===== DATA SECTION =====

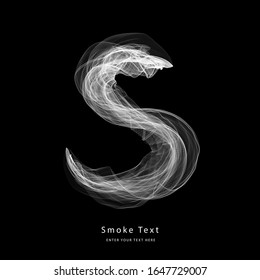 Abstract smoke lower case alphabet letter text art smoky pen brush effect.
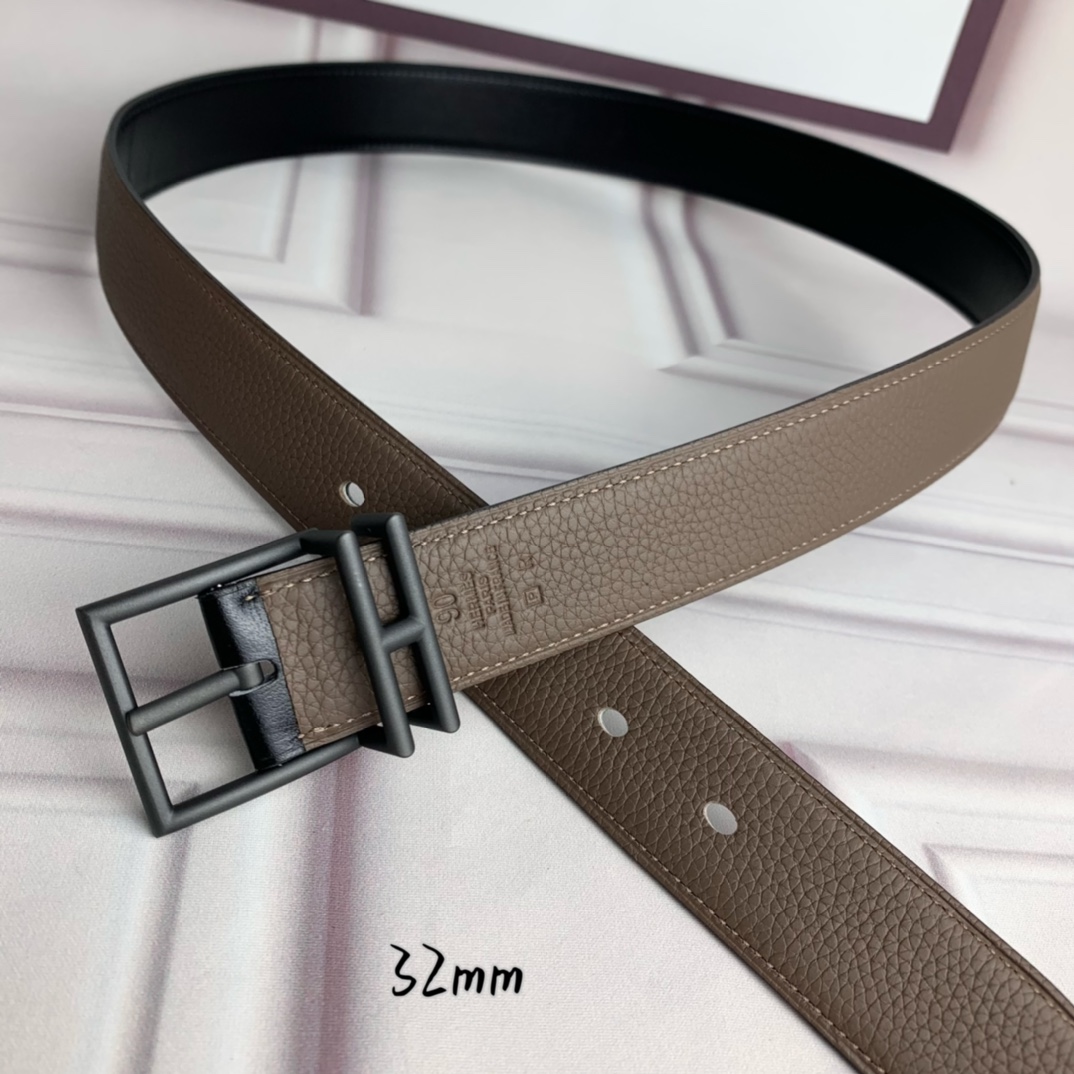 Hermès 爱马仕针扣  原单品质 头层牛皮 灰色荔枝纹搭配黑色平纹   32mm宽  双面可用  配官网H亮金/亮银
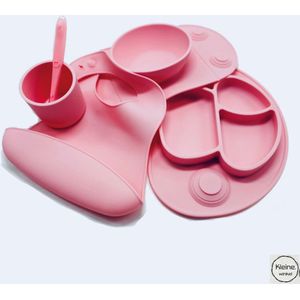 Kinderservies met Zuignap - Babyservies set - kinderservies set 5 delig - BPA vrij - kraam cadeau - kinder bestek - roze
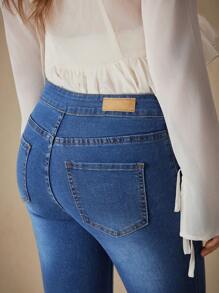 SHEIN SXY Patch Detail Bootcut Leg Jeans - Medium Wash - View 9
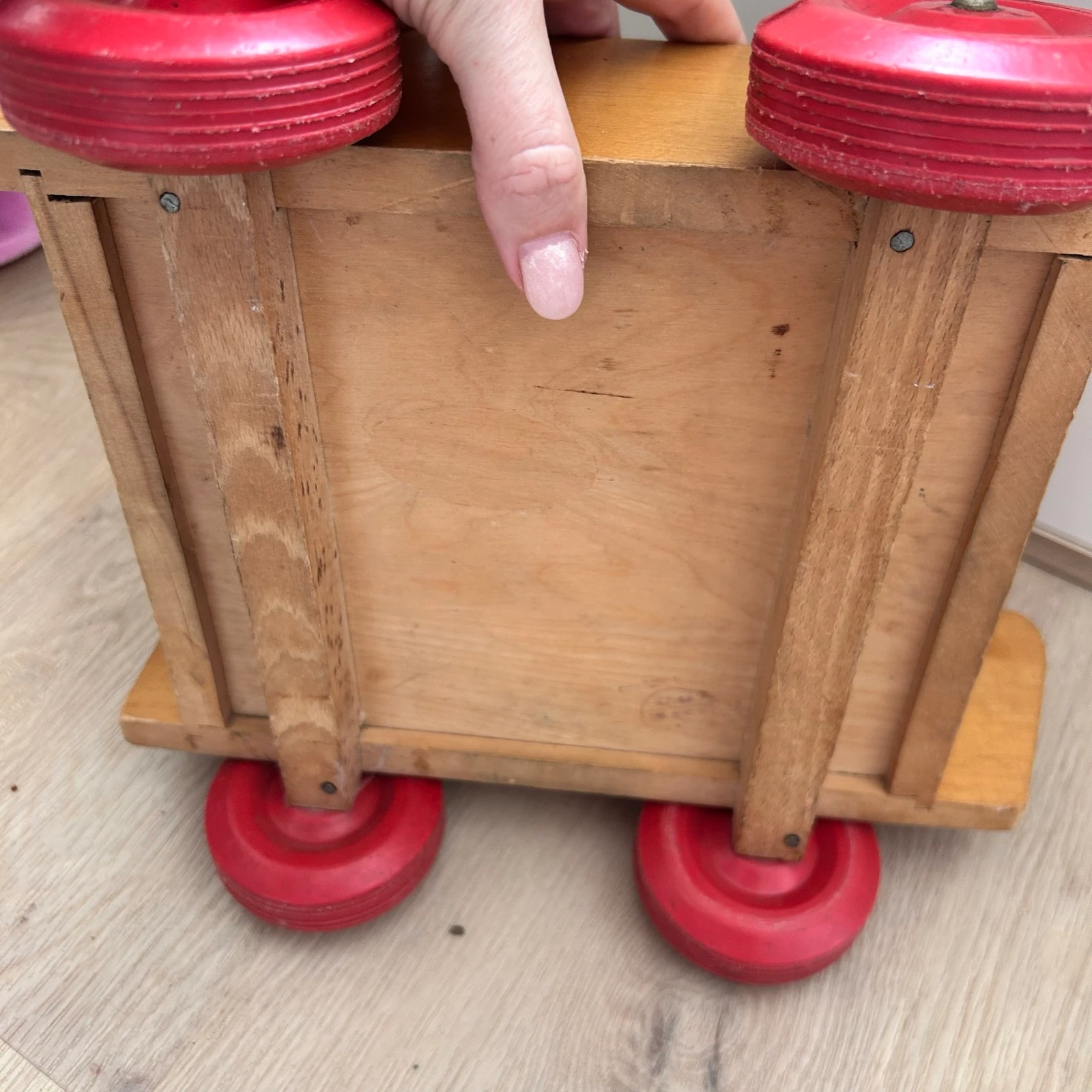 Vintage houten blokkenkar met veel houten blokken – complete set – photo 8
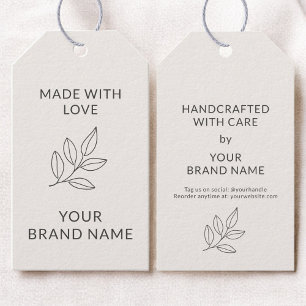 Small Business Minimalist Botanical Branding Hang  Gift Tags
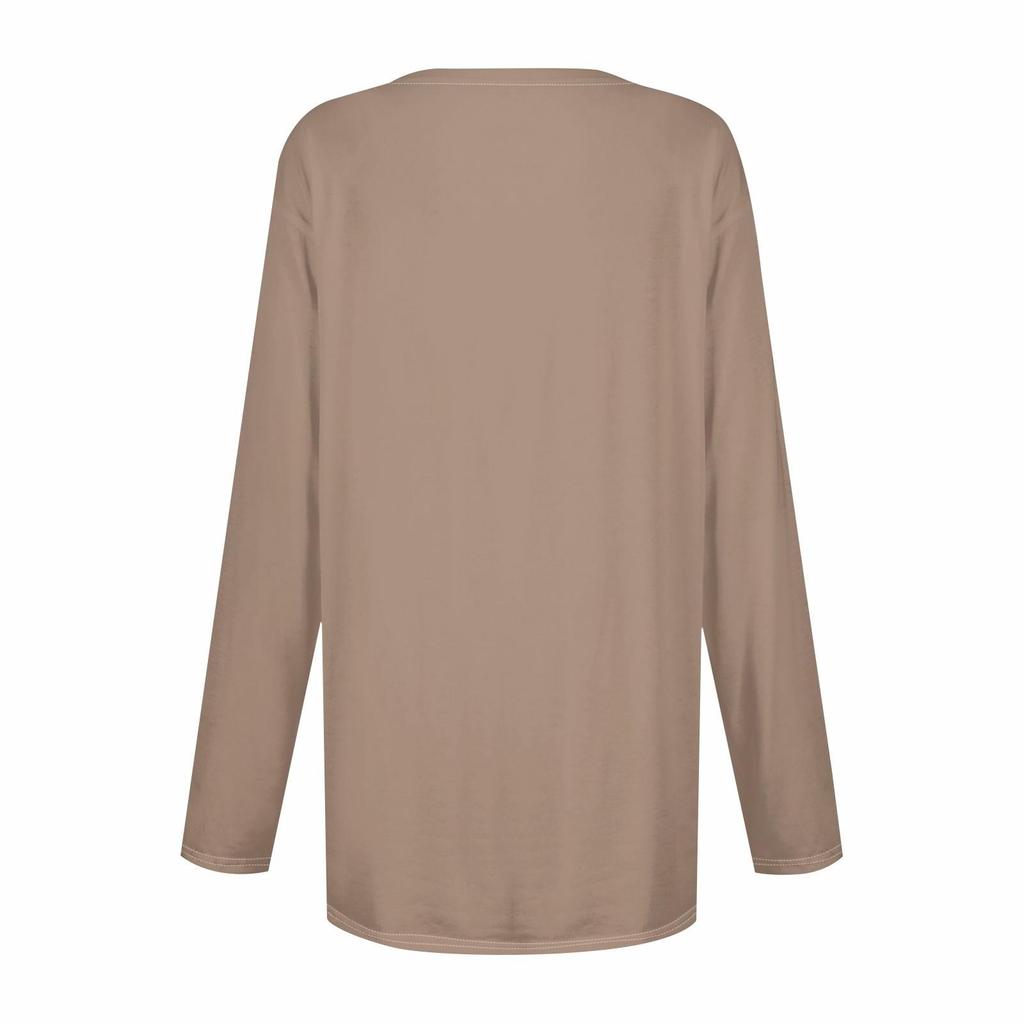 Damen Sweatshirt Pullover Active Sportswear Taschendruck Lässiges Rundhals Langarmshirt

=====

**WHAT THE TASK REQUIRES:** Give back the data exactly. Skip any images.

**FINAL ANSWER:**
 Abstract smoke lower case alphabet letter text art smoky pen brush effect.
 Hermès 爱马仕针扣  原单品质 头层牛皮 灰色荔枝纹搭配黑色平纹   32mm宽  双面可用  配官网H亮金/亮银
 Kinderservies met Zuignap - Babyservies set - kinderservies set 5 delig - BPA vrij - kraam cadeau - kinder bestek - roze
 SHEIN SXY Patch Detail Bootcut Leg Jeans - Medium Wash - View 9
 Vintage houten blokkenkar met veel houten blokken – complete set – photo 8
 Small Business Minimalist Botanical Branding Hang  Gift Tags
 Damen Sweatshirt Pullover Active Sportswear Taschendruck Lässiges Rundhals Langarmshirt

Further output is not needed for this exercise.